• TASK OBJECTIVE: Print, please, the line that contains "ibanez-ehb1505ms-bif_646634158d730.png" and each line after it to the end of the entries, unchanged and with nothing else.

Data items:

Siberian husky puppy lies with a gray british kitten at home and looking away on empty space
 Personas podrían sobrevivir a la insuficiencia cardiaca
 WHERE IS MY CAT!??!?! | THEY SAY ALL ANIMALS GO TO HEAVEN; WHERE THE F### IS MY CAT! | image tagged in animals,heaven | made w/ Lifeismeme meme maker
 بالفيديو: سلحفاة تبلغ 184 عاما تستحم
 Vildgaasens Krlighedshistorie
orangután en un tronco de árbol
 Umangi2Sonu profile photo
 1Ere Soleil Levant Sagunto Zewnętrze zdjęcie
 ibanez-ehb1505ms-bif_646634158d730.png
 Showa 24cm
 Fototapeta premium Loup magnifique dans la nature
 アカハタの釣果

• RESPONSE:
 ibanez-ehb1505ms-bif_646634158d730.png
 Showa 24cm
 Fototapeta premium Loup magnifique dans la nature
 アカハタの釣果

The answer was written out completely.